• _Brief_:
Every line below must come back exactly as it stands, with the images omitted.

• _Given information_:
------------------------
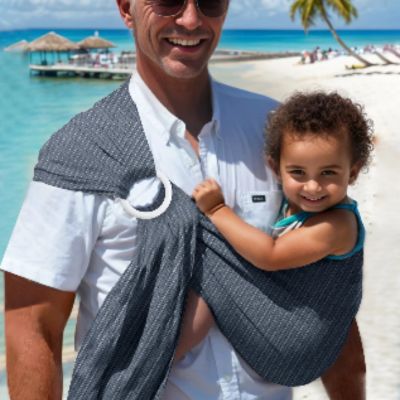 sling - Si1™ - 3bvboutique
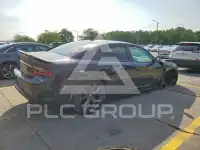2019 Dodge CHARGER фото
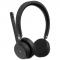 Casti Wireless VoIP Headset (Teams)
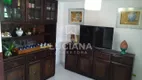 Foto 32 de Casa de Condomínio com 5 Quartos à venda, 100m² em Jardim Santana, Gravatá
------------------------
• _The completed task_:
 sling - Si1™ - 3bvboutique
2019 Dodge CHARGER фото
 Casti Wireless VoIP Headset (Teams)
 Foto 32 de Casa de Condomínio com 5 Quartos à venda, 100m² em Jardim Santana, Gravatá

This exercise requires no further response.